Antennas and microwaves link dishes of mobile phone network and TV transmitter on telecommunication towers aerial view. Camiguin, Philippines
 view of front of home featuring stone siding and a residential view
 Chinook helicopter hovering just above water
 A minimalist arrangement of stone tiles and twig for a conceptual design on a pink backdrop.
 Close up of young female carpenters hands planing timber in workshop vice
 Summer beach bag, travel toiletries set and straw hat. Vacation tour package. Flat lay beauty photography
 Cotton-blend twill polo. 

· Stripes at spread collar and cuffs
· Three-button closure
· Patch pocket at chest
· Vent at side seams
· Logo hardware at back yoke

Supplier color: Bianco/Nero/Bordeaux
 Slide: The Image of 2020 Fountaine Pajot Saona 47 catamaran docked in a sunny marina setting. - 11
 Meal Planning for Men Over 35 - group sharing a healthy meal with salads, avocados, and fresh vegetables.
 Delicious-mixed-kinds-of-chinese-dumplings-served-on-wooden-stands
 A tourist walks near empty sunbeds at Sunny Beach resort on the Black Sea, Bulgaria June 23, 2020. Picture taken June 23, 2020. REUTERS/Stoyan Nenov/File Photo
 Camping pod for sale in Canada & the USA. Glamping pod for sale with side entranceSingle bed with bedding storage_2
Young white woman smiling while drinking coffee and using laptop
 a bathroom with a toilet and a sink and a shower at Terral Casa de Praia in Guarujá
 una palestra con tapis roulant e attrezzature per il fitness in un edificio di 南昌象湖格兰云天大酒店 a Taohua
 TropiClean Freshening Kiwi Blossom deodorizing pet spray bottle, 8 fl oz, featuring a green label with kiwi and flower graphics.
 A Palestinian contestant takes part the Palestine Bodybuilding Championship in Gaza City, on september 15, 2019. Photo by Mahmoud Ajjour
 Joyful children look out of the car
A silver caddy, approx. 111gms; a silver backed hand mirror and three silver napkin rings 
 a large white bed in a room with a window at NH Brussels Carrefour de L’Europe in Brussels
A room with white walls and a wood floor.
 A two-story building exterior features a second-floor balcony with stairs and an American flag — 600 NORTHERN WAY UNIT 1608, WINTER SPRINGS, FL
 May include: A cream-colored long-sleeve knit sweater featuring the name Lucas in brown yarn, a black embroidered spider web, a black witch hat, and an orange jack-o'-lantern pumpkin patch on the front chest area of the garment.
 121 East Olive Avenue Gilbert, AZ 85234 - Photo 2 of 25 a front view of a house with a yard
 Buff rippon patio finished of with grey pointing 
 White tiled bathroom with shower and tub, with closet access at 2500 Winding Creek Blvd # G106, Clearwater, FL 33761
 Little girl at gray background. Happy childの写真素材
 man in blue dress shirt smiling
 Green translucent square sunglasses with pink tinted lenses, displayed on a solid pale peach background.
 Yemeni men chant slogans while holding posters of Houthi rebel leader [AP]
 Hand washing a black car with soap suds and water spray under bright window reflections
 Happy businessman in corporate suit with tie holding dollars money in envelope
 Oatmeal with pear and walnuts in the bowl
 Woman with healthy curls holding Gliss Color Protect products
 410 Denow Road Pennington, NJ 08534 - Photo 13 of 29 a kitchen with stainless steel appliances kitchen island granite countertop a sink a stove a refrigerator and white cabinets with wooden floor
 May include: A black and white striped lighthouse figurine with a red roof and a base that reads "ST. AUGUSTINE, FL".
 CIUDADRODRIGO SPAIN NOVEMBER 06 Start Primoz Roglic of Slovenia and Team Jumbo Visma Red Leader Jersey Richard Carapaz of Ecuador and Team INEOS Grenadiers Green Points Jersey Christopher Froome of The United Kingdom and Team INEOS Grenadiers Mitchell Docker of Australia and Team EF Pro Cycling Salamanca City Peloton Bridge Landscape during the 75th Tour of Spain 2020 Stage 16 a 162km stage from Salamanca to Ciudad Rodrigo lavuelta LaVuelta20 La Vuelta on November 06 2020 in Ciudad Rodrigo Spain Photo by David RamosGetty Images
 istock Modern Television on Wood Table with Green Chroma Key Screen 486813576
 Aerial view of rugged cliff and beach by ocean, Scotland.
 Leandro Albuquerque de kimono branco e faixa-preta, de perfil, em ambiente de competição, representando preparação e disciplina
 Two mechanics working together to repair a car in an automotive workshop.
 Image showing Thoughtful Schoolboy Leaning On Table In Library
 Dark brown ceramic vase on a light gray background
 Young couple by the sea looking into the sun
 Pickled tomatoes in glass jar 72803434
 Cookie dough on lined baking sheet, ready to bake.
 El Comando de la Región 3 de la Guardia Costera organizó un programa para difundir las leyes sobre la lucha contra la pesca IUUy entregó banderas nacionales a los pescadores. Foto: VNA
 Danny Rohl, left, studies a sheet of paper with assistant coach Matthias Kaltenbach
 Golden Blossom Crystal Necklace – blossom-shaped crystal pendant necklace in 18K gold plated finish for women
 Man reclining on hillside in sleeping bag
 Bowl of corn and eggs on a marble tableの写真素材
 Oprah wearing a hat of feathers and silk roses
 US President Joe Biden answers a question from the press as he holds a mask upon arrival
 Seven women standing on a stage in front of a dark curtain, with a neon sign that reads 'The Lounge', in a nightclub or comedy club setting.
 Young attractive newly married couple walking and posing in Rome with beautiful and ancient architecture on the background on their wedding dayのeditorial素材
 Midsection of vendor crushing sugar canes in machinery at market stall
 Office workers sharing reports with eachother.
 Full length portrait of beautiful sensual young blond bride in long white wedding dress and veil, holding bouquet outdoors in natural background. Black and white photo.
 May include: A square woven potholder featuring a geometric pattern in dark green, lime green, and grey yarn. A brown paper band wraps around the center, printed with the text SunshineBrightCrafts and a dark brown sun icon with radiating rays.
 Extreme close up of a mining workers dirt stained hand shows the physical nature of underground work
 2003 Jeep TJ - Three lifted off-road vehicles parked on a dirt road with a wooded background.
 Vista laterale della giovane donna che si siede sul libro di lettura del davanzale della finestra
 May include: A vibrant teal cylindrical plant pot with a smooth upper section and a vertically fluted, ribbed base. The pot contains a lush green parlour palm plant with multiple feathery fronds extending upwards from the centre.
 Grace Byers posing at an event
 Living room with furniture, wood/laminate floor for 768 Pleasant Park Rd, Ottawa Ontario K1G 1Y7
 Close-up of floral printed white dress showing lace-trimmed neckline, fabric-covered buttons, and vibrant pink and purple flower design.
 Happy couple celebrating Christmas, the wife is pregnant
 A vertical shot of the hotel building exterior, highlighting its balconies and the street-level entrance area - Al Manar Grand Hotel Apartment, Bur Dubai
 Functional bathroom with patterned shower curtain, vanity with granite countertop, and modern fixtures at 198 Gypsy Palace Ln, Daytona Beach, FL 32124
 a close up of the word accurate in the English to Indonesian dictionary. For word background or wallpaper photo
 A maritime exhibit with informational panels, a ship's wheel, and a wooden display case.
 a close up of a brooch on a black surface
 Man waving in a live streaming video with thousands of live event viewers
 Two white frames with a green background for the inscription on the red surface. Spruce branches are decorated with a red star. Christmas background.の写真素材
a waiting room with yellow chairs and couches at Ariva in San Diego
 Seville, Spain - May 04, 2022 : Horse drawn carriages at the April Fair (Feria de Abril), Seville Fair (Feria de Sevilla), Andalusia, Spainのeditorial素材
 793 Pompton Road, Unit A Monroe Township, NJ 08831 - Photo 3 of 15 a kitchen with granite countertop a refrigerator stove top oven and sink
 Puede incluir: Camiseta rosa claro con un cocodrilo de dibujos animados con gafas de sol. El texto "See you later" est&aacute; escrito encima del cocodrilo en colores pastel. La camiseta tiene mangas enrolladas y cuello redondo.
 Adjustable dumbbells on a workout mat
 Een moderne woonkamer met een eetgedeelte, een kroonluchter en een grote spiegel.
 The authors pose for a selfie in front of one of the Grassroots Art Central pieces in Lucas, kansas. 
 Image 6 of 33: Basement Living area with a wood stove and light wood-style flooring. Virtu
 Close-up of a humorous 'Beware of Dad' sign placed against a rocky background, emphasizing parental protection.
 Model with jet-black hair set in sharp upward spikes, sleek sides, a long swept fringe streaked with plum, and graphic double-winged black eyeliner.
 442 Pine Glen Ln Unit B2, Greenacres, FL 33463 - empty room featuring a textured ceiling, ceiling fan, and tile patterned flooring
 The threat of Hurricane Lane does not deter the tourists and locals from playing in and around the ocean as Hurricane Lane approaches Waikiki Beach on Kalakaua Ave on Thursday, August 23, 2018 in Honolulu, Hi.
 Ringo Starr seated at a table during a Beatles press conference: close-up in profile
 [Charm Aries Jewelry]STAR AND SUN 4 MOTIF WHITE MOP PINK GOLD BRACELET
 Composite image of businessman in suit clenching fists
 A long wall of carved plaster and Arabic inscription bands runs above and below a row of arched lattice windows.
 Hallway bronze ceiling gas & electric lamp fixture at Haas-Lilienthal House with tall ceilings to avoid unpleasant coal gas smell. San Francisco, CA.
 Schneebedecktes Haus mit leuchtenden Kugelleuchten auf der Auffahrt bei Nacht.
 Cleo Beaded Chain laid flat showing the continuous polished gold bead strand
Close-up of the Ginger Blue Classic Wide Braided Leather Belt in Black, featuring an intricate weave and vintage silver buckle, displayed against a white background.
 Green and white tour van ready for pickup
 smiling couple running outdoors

*****

• **Problem**: Your answer should consist only of the lines above between the line holding "TropiClean Freshening Kiwi" and the line holding "a large white", inclusive, each transcribed exactly.

• **Written answer**:
 TropiClean Freshening Kiwi Blossom deodorizing pet spray bottle, 8 fl oz, featuring a green label with kiwi and flower graphics.
 A Palestinian contestant takes part the Palestine Bodybuilding Championship in Gaza City, on september 15, 2019. Photo by Mahmoud Ajjour
 Joyful children look out of the car
A silver caddy, approx. 111gms; a silver backed hand mirror and three silver napkin rings 
 a large white bed in a room with a window at NH Brussels Carrefour de L’Europe in Brussels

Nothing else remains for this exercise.